11. 'Nuclear option'

Meaning: A choice to destroy everything rather than give in on a debate or contest

Used most publicly while discussing fillibusters in the Senate, the nuclear option has its roots in - what else - nuclear warfare.

In the Cold War, military leaders would give the commander-in-chief options for the deployment and use of nuclear weapons from nuclear artillery to thermonuclear bombs.

In the era of brinksmanship, use of nuclear weapons by the Soviets or the US would likely have ended in widespread destruction across both nations.

12. 'On the double'

Army Special Forces Green Berets
Candidates at the US Army John F. Kennedy Special Warfare Center and School carry a telephone pole on a ruck march as part of Special Forces Assessment and Selection, March 12, 2020.

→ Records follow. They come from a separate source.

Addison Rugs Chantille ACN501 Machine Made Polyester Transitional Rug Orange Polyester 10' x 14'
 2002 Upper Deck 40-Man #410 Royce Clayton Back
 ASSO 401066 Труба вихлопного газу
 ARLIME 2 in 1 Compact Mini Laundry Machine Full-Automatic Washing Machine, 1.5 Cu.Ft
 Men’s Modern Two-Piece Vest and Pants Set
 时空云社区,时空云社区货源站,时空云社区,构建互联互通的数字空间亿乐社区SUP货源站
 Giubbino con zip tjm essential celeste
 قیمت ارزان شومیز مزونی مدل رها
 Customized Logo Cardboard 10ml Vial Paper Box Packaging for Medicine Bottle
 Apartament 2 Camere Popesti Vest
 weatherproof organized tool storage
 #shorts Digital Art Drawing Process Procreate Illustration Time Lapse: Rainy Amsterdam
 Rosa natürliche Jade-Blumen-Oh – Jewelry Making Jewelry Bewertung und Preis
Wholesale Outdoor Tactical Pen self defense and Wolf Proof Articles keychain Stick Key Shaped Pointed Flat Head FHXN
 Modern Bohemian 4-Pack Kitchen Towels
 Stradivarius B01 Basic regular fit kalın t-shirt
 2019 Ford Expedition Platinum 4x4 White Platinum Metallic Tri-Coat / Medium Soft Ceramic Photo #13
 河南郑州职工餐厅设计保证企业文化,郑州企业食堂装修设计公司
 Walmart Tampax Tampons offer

Meaning: Quickly, as fast as possible

Anyone who has run in a military formation will recognize the background of "on the double."

"Quick time" is the standard marching pace for troops, and "double time" is twice that pace, meaning the service member is running. Doing something "on the double" is moving at twice the normal speed while completing the task.

13. 'On the frontlines'

Meaning: In the thick of a fight, argument, or movement

Like nuclear option, this one is pretty apparent. The front line of a military force is made up of the military units closest to a potential or current fight.

Troops on the frontline spend most days defending against or attacking enemy forces. People who are "on the frontlines" of other struggles like political movements or court trials are fighting against the other side every day.

This is similar in usage and origin to "in the trenches" above.

14. 'Roger that'

Meaning: Yes

This one is pretty common knowledge, though not all civilians may know why the military says, "Roger that," rather than "yes." Under the old NATO phonetic alphabet, the letter R was pronounced, "Roger" on the radio.

Radio operators would say, "Roger," to mean that a message had been properly received. The meaning evolved until "roger" meant "yes." Today, the NATO phonetic alphabet says, "Romeo," in place of R, but "roger" is still used to mean a message was received.

15. 'Screw the pooch'

US Army soldiers RPG rocket propelled grenade
US soldiers conduct foreign weapons training at Ft. Benning, Georgia, October 25, 2017.

Meaning: To bungle something badly

"Screw the pooch" was originally an even racier phrase, f-ck the dog. It meant to loaf around or procrastinate. However, by 1962 it was also being used to mean that a person had bungled something.

Now, it is more commonly used with the latter definition.